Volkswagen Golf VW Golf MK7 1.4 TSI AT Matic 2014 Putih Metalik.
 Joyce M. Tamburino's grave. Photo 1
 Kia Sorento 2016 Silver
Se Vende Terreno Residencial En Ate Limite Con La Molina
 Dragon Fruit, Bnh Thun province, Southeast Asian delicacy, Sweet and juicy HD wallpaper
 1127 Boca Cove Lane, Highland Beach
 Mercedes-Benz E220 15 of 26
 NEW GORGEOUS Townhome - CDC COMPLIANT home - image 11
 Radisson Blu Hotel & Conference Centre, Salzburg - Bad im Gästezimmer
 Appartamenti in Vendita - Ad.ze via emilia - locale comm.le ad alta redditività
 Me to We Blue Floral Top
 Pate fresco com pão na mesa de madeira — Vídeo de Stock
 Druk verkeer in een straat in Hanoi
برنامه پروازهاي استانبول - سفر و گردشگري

--

Every record above is to be copied out again exactly as written.

## [Response to this task]
Volkswagen Golf VW Golf MK7 1.4 TSI AT Matic 2014 Putih Metalik.
 Joyce M. Tamburino's grave. Photo 1
 Kia Sorento 2016 Silver
Se Vende Terreno Residencial En Ate Limite Con La Molina
 Dragon Fruit, Bnh Thun province, Southeast Asian delicacy, Sweet and juicy HD wallpaper
 1127 Boca Cove Lane, Highland Beach
 Mercedes-Benz E220 15 of 26
 NEW GORGEOUS Townhome - CDC COMPLIANT home - image 11
 Radisson Blu Hotel & Conference Centre, Salzburg - Bad im Gästezimmer
 Appartamenti in Vendita - Ad.ze via emilia - locale comm.le ad alta redditività
 Me to We Blue Floral Top
 Pate fresco com pão na mesa de madeira — Vídeo de Stock
 Druk verkeer in een straat in Hanoi
برنامه پروازهاي استانبول - سفر و گردشگري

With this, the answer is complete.